**Task statement:** All of the data below should be printed again word for word, pictures excluded.

**Supplied information:**
= Beginning of Section =

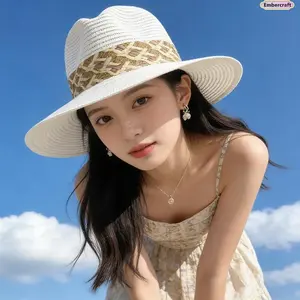 Women's Panama Straw Hat - Accessories for Women, Wide Brim, Sun Protection, Breathable Lightweight, Elegant Resort Wear Accessory for Coastal Getaways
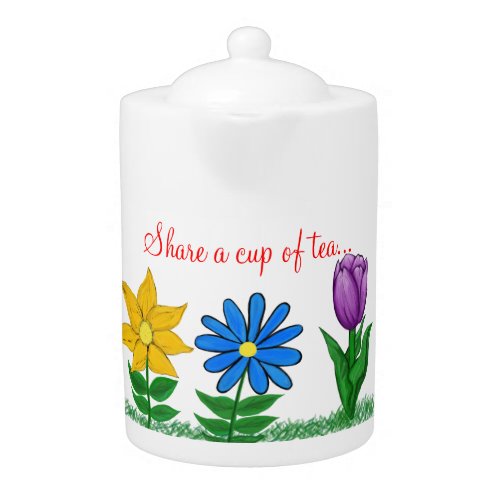 Share A Cup of Tea With Me Floral White Teapot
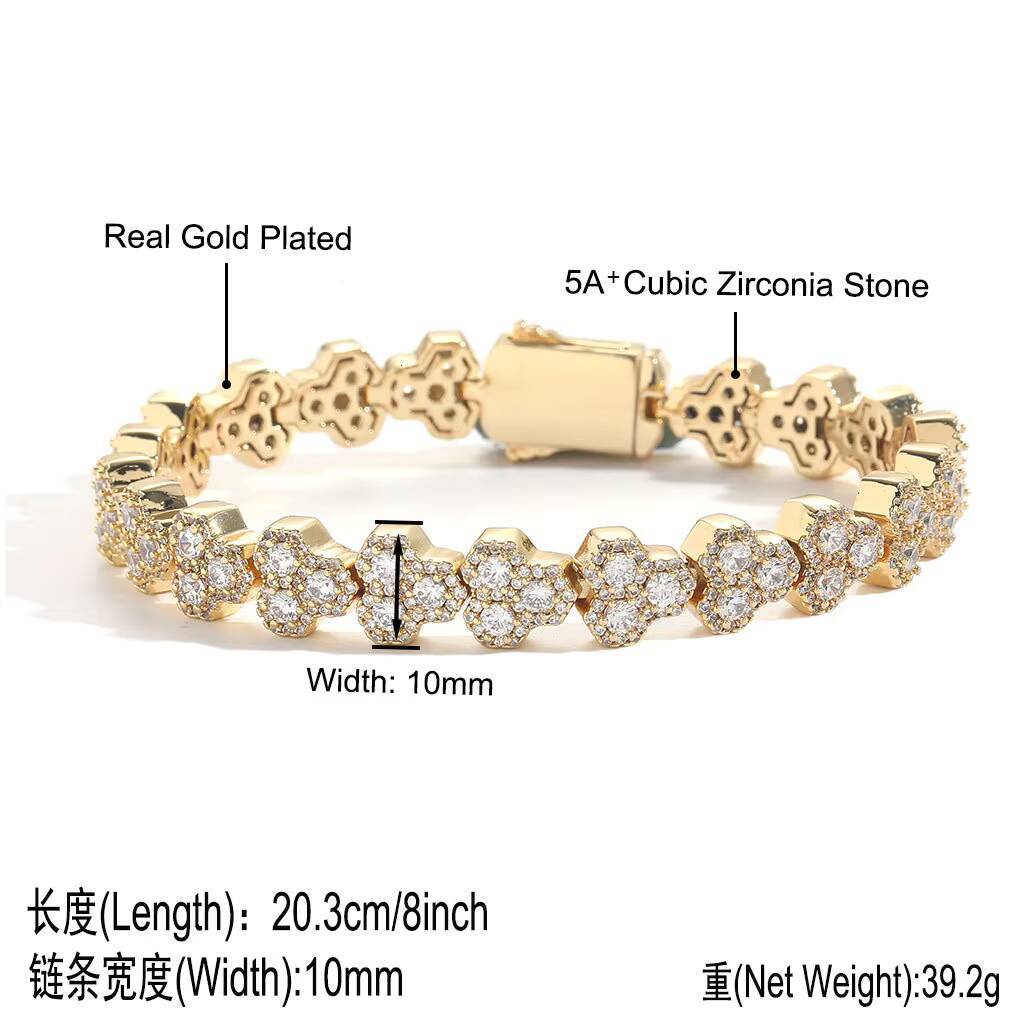 BES Fine Jewelry 10mm Geometric Tennis Chain Cubic Zirconia Iced Out Tennis Necklace Fashion Necklace Hip Hop Jewelry for Men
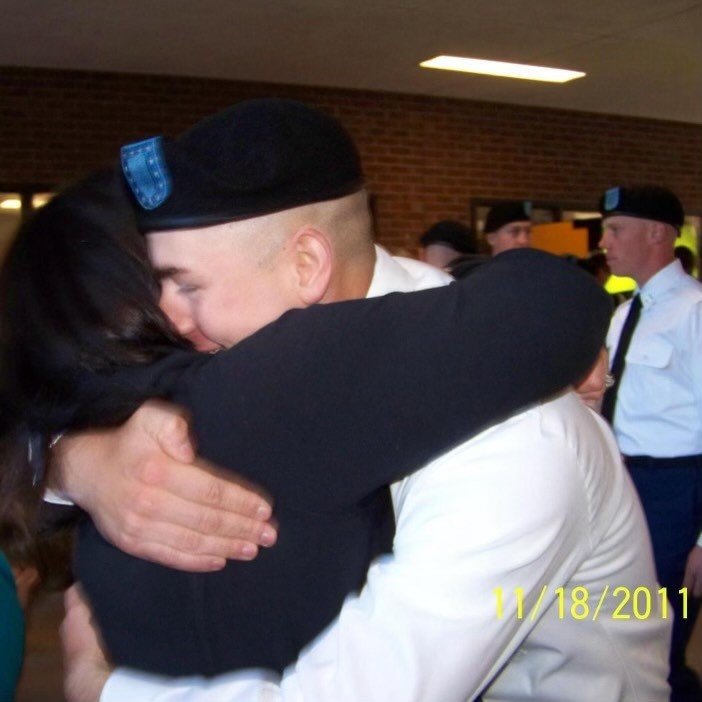 This picture was taken after Josh Pancake's graduation at Fort Benning. He had not seen his wife in months.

= End of Section =

**Written solution:**
 Women's Panama Straw Hat - Accessories for Women, Wide Brim, Sun Protection, Breathable Lightweight, Elegant Resort Wear Accessory for Coastal Getaways
 Share A Cup of Tea With Me Floral White Teapot
 BES Fine Jewelry 10mm Geometric Tennis Chain Cubic Zirconia Iced Out Tennis Necklace Fashion Necklace Hip Hop Jewelry for Men
 This picture was taken after Josh Pancake's graduation at Fort Benning. He had not seen his wife in months.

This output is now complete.